Aktualności

Blog jest aktualizowany rzadko, ponieważ nieczęsto bywam w Warszawie. Ale czasem coś wrzucę.

piątek, 15 stycznia 2010

=== Owce na Marymoncie ===

Oczywiście chodzi o stację metra Marymont, a nie Marymont właściwy :)

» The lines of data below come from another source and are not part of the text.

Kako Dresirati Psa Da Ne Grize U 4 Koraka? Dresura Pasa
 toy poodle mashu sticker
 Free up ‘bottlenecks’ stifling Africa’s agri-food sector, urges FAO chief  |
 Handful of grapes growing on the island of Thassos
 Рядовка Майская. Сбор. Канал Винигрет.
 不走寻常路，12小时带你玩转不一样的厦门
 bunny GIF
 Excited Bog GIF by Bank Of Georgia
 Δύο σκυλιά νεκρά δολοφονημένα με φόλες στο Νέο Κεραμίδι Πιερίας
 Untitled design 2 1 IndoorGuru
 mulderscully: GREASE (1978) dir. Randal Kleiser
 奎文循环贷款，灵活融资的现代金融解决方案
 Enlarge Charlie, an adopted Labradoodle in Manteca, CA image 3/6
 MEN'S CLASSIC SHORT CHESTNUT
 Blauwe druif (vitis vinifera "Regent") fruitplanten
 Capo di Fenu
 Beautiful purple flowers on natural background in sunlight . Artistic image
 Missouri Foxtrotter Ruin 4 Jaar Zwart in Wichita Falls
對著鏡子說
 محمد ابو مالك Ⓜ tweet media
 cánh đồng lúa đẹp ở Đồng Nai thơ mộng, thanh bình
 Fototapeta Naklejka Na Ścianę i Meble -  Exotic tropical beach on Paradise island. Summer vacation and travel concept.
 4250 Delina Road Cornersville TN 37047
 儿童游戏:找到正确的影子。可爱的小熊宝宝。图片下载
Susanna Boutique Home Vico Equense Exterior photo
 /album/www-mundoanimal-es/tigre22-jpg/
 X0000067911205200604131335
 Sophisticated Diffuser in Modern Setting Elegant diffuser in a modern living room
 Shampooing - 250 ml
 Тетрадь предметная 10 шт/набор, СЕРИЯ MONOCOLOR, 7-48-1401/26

Reszta zdjęć od TEGO miejsca

12 komentarze:

slavkosnip pisze...

Faktycznie odlotowe są te owce!;)

roztoczanski pisze...

Wygląda jakby ktoś porobił zdjęcia nadmuchiwanym zabawkom i wkleił bez ładu i składu w panoramę Warszawy ;)

lavinka pisze...

Panorama jest miejscami podmalowana. Ale nie wiem czy to nie efekt fotoszopowy. Tak czy siak miło się to ogląda, zważywszy na poprzedni malunek,który zbojkotowałąm za kiczowatość ;)

arturr_g pisze...

Pomysł oryginalny, przyznam:)

vojtek pisze...

Lavinko!@
Dziękuję. Jest w sumie dobrze. Zima piękna, ale wolałbym wrzucić już t-shitr. I marzą mi się wycieczki nad wodę.
Nie widziałem tych owieczek. A na stacji Marymont jestem codziennie prawie:)
Podoba mi sie fotka w nagłówku bloga. Bardzo dobra.
Dostałem wyróznienie w konkursie fotograficznym.
Ale o tym napisze pod koniec stycznia.
Pozdrawiam Vojtek

lavinka pisze...

W takim razie z niecierpliwością czekam na styczniowy wpis :)

el kondor pisze...

Że też w Łodzi nie ma metra!

Marcin pisze...

Jest to* tandeta, ale przynajmniej * lepsza niż te koszmarne* bohomazy, którymi szpecono* stację Marymont dotychczas, jednocześnie podkreślając, że to wielka sztuka jest - całkiem niesłusznie*



* - moim zdaniem.

lavinka pisze...

@EL Kondor: Ale będzie,jak przekopią tunel z Fabrycznej do Kaliskiej ;)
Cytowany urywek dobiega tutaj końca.